History of Lithium-Ion Batteries

Rechargeable battery evolution accelerated as the world transitioned to instruments enabled by silicon microchip technology from those of bulky electrical components. Mobile devices were designed to be powered by lightweight energy storage systems. The development of batteries for this rapidly evolving market was challenging:

• The nickel cadmium battery had been the only option for modern electronics for many years. It was a great improvement over carbon batteries.

• Later, nickel-hydride batteries became the technology of choice.

• Lithium-ion batteries became available in the 1990s, offering higher energy densities. This technology won out nickel-hydride.

The lithium-ion rechargeable battery offered advantages that were previously unavailable:

• Lithium is the lightest of all metals

• It had the largest electrochemical potential

• It provided the greatest energy content per unit volume

• It had no memory effect

• Its energy leakage rate was less than half that of NiCd and NiMH

• The first of its type was developed by Sony in 1990 with enough cycles to be usable for rechargeable batteries

o Mass production took place in 1991

o Panasonic and Sanyo quickly developed similar batteries that were on the market by 1994

Big advances in a mature industry like batteries were hard to find. Advances in the field focused only on finding slightly better materials or thinning the layers to improve performance.

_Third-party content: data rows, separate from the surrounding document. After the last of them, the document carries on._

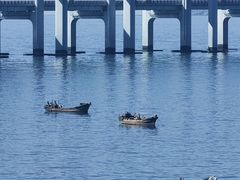 -星海湾跨海大桥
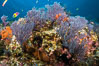 Sea fans and rocky reef, La Reina, Lighthouse Reef, Sea of Cortez. Baja California, Mexico. Image #32482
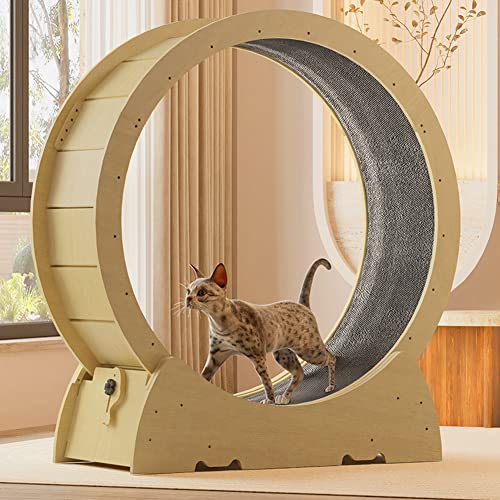 Katzenlaufrad Katzenlaufrad, Katzenübungsrad Indoor-Laufband mit Teppich-Katzenlaufbahn, Sicherheitsverriegelungsvorrichtung, für alle Katzen und kleine Hunde,L Katzenlaufrad Katzenlaufrad, Katzenübungsrad Indoor-Laufband mit Teppich-Katzenlaufbahn, Sicherheitsverriegelungsvorrichtung, für alle Katzen und kleine Hunde,L von Generic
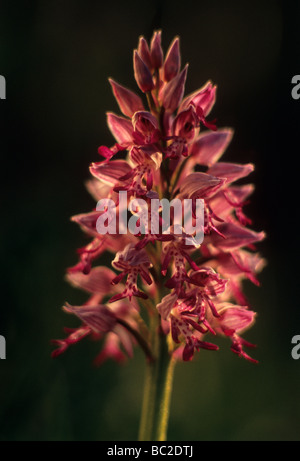 Militärische Orchidee (Orchis Militaris) Stockfoto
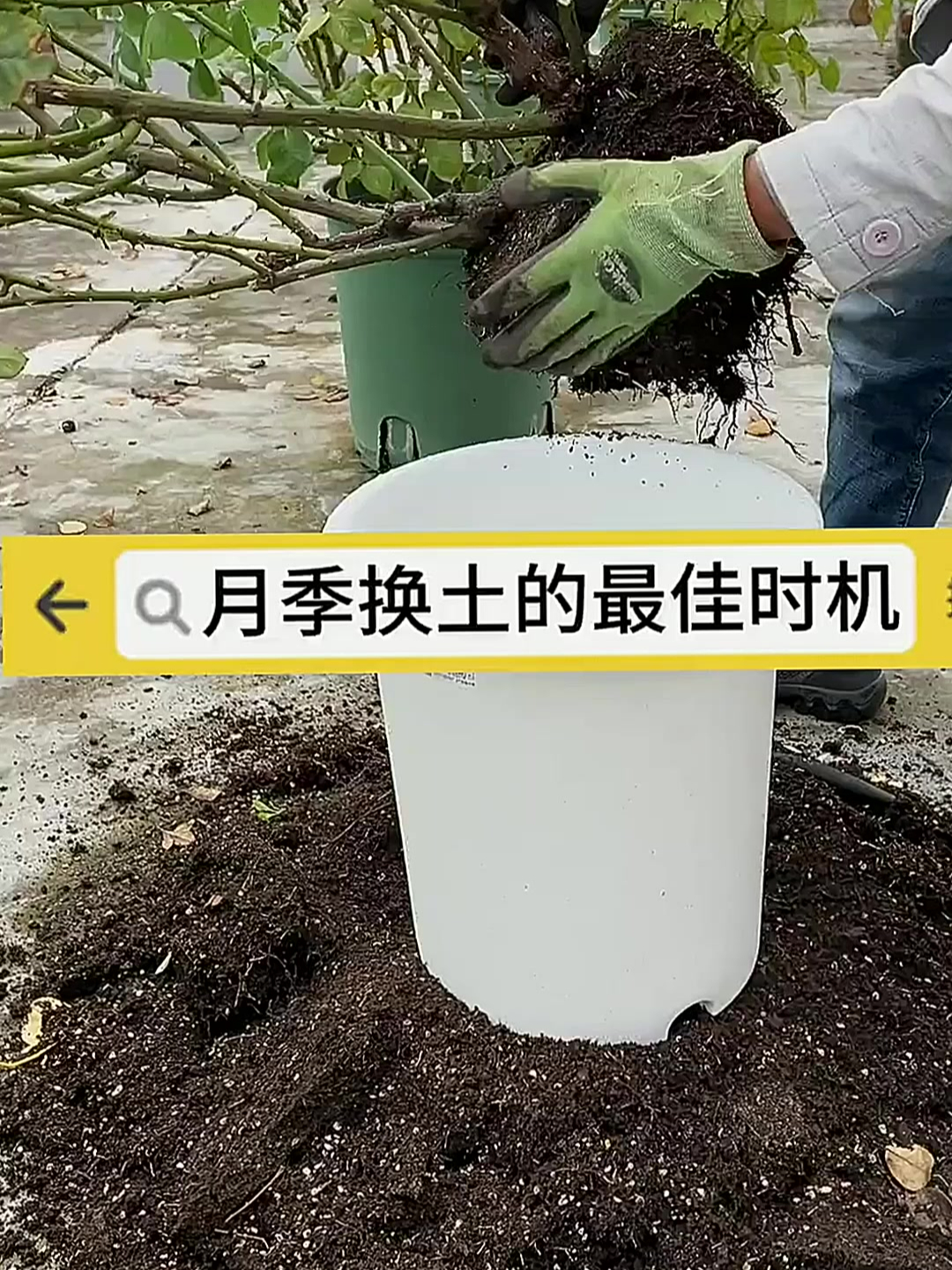 “养花高手都在做!揭秘月季换土的正确打开方式”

Pre-A123 Systems: History of Lithium-Ion battery Innovation

Pre-A123 research group

Professor Yet-Ming Chiang directed a mid-sized research group at MIT that focused on design, synthesis and characterization of advanced inorganic materials; particularly toward electromechanically and electrochemically active materials. These materials can be defined as being capable of converting electrical energy into mechanical work, and of converting chemical energy into electrical work.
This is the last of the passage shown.